O Protetor do Dharma (Recontado do Bagavata Purana) é uma produção da primeira fase de quadrinhos publicados pela editora indiana Amar Chitra Katha, que ao longo dos anos traria para o público diversas outras edições baseadas em episódios da vida de Krishna. Neste volume de 1969 (às vezes listado como sendo de 1970, o que eu imagino que seja uma contradição em relação à data de publicação e à data de capa), temos a apresentação da história de vida desta personificação do Deus Supremo, desde os eventos antes de seu nascimento até o episódio em que ele vence o cruel rei Kamsa, restituindo o trono ao velho Ugrasena, jogado na prisão pelo próprio filho, que queria usurpar-lhe o trono.
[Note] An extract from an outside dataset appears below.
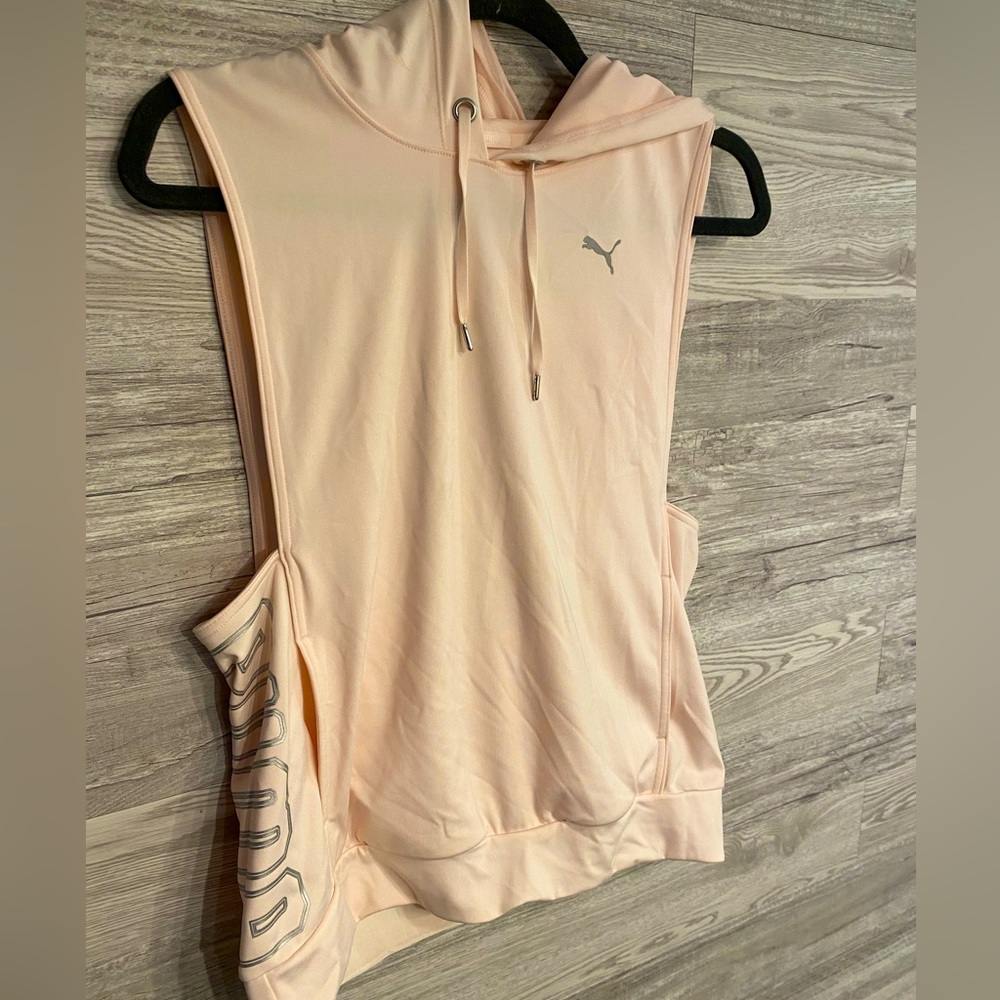 Puma top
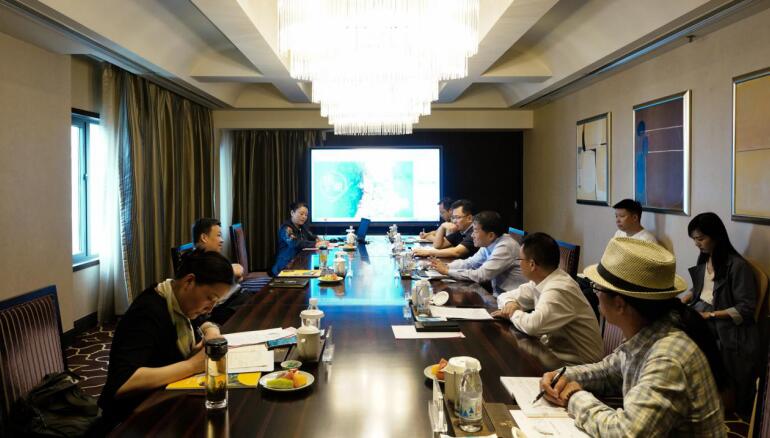 任丁董事长与德阳市委书记靳磊一行座谈互换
A história de Krishna é uma história de violência, perseverança e esperança. No dia do casamento de seus pais (Devaki, que era irmã de Kamsa, e Vasudeva), o rei recebeu uma profecia dizendo que o oitavo filho daquele casal iria matá-lo. A partir de então, o cruel monarca acompanhou de perto os partos de sua irmã Devaki, matando todos os filhos aos quais ela deu à luz. Quando Krishna nasce, uma série de milagres acontecem e Vasudeva consegue retirar o menino da prisão e levá-lo para ser criado por pessoas confiáveis em outro lugar. Esse contexto histórico de violência na vida do garoto é até comparado à história de Jesus, com a perseguição e o extermínio que o rei Herodes fez aos recém-nascidos. Aliás, o quadrinho mostra um episódio em que Kamsa envia uma mulher para localizar os bebês que vieram ao mundo no mesmo mês em que “o oitavo filho de Devaki nasceu” e matar essas crianças. É uma comparação de tradição religiosa muito interessante, não acham?

A proposta do roteiro de Anant Pai é recontar essas histórias tendo como base o livro Bagavata Purana, uma das principais obras da literatura indiana, trazendo conceitos de cosmologia, mitologia, cultura e muitos outros conhecimentos entre áreas de estudo e áreas de fé, abordando também histórias dos avatares de Vishnu, dentre os quais está Krishna. Por isso é que o texto não dá muito espaço para um desenvolvimento narrativo propriamente dito, limitando-se a contar os fatos como pequenas crônicas ilustradas, algo muito semelhante ao que temos nos quadrinhos que adaptam histórias da Bíblia para crianças.

O meu maior incômodo com esse quadrinho não é nem o tal aspecto de crônica, porque o roteiro faz uma boa interação entre as muitas fases da história. O maior problema está no final, que é absurdamente abrupto, não possui sequer uma reflexão simples à guisa de adequação dramática, indicando ao leitor que as histórias daquela fase da vida de Krishna chegavam ao final, mas que existiam muitas outras ainda para se contar. É uma reticência muito incômoda e que eu também senti na leitura de Zaratustra: O Mensageiro de Deus da Antiga Pérsia, outro quadrinho da Amar Chitra Katha, e isso me faz temer que seja uma recorrência nas produções da casa. Espero que não.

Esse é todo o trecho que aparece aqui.